## Exercise data
== Segment start ==

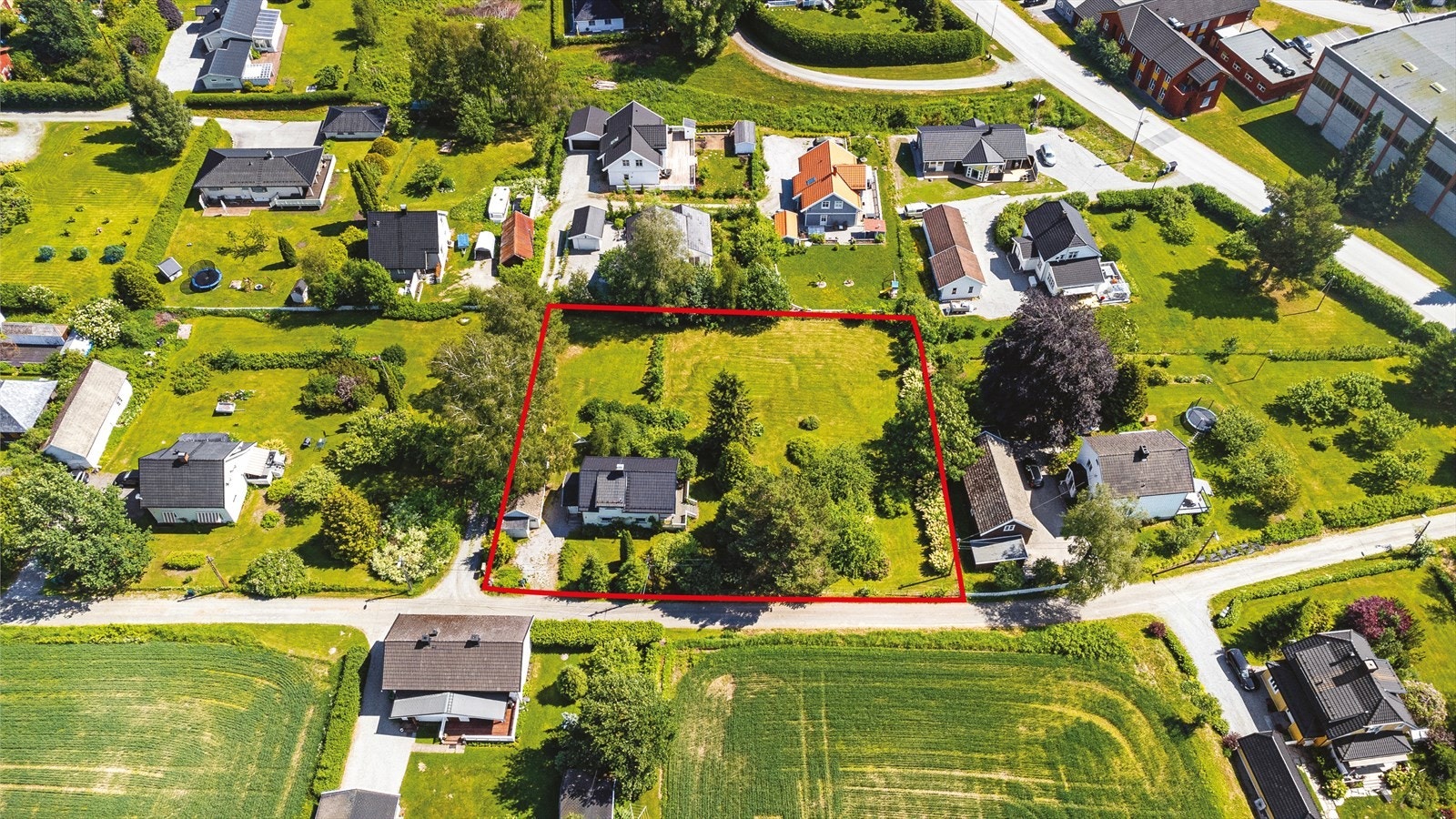 Attraktiv eiendom i flotte omgivelser. Fantastisk hage og svært romslig tomt. Galleribilde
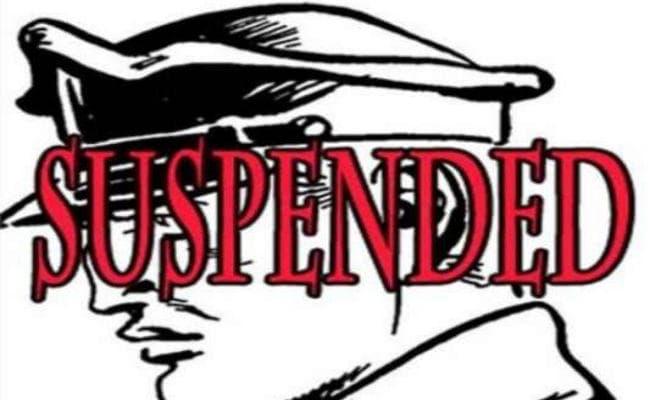 रांची : खेलगांव चौक पर नो इंट्री में पैसे लेकर घुसा रहे थे बस, दो सिपाही निलंबित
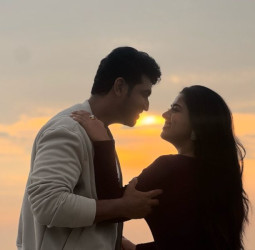 கிறிஸ்துமஸ் ரேஸில் இணைந்த 'சிறை' - 'ரெட்ட தல'!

== Segment end ==

## To do
Repeat the listing above word for word and leave its images out.

## Reply
 Attraktiv eiendom i flotte omgivelser. Fantastisk hage og svært romslig tomt. Galleribilde
 रांची : खेलगांव चौक पर नो इंट्री में पैसे लेकर घुसा रहे थे बस, दो सिपाही निलंबित
 கிறிஸ்துமஸ் ரேஸில் இணைந்த 'சிறை' - 'ரெட்ட தல'!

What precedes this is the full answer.